• **What is required**
Repeat word for word the lines from the one containing "Big with watermark" to the end of the material below, and leave all pictures out.

• **Provided material**
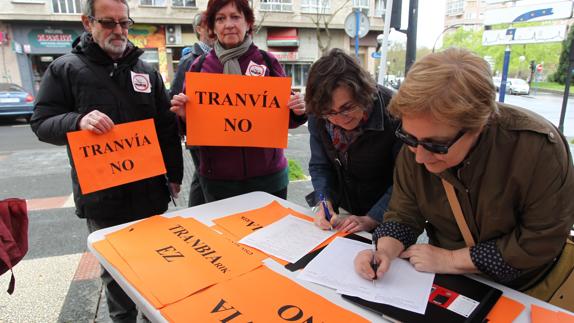 Vecinos de la calle Castro Urdiales recogen firmas contra la ampliación del tranvía. 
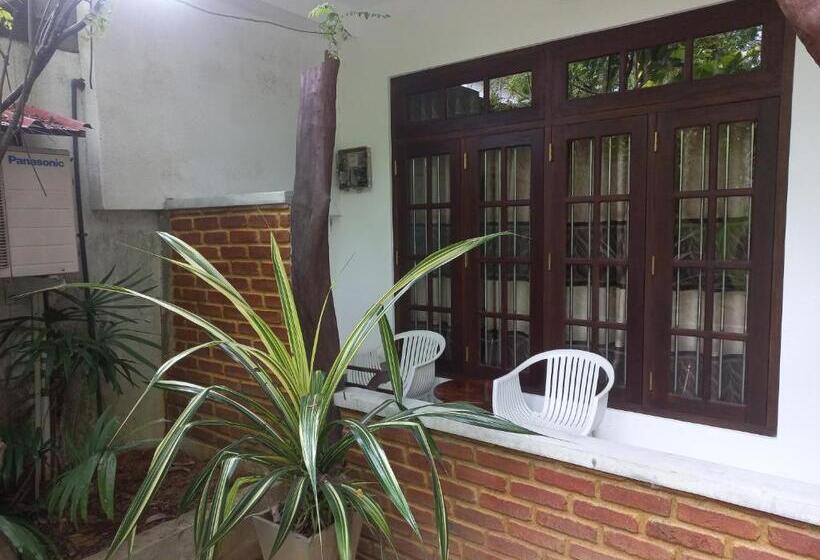 فندق Sea Breeze Guest House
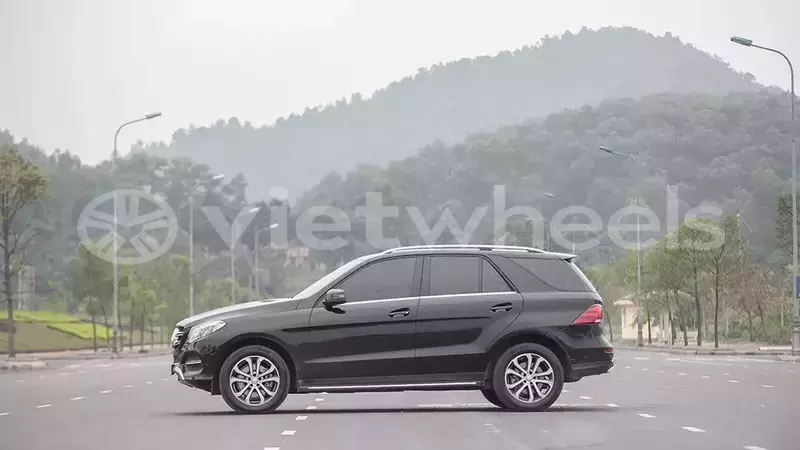 Big with watermark mercedes gle khanh hoa nha trang 46516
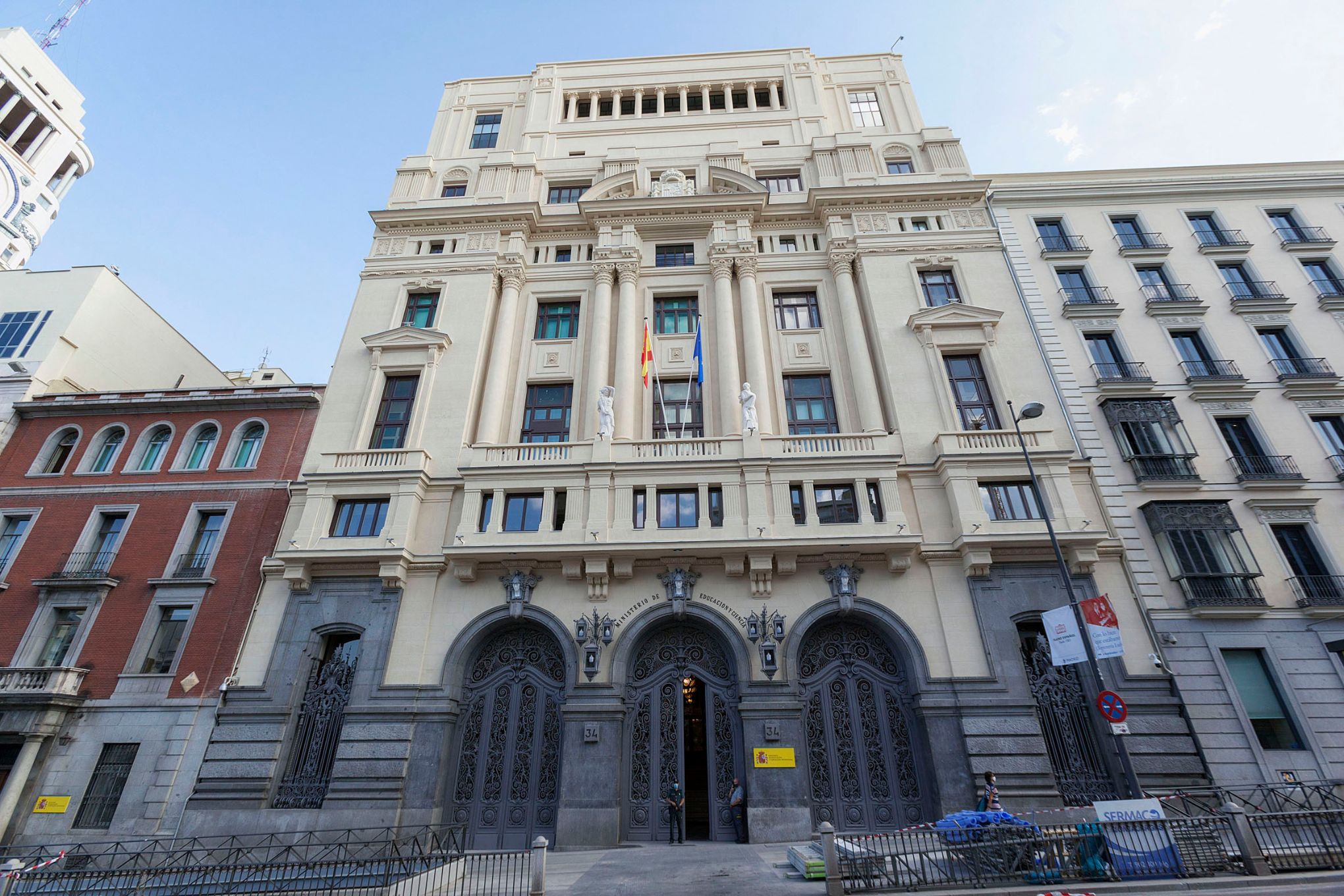 El padre de una adolescente que se suicidó el año pasado pide un protocolo nacional contra el bullying: "El bullying no es cosa de niños"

• **Exercise response**
 Big with watermark mercedes gle khanh hoa nha trang 46516
 El padre de una adolescente que se suicidó el año pasado pide un protocolo nacional contra el bullying: "El bullying no es cosa de niños"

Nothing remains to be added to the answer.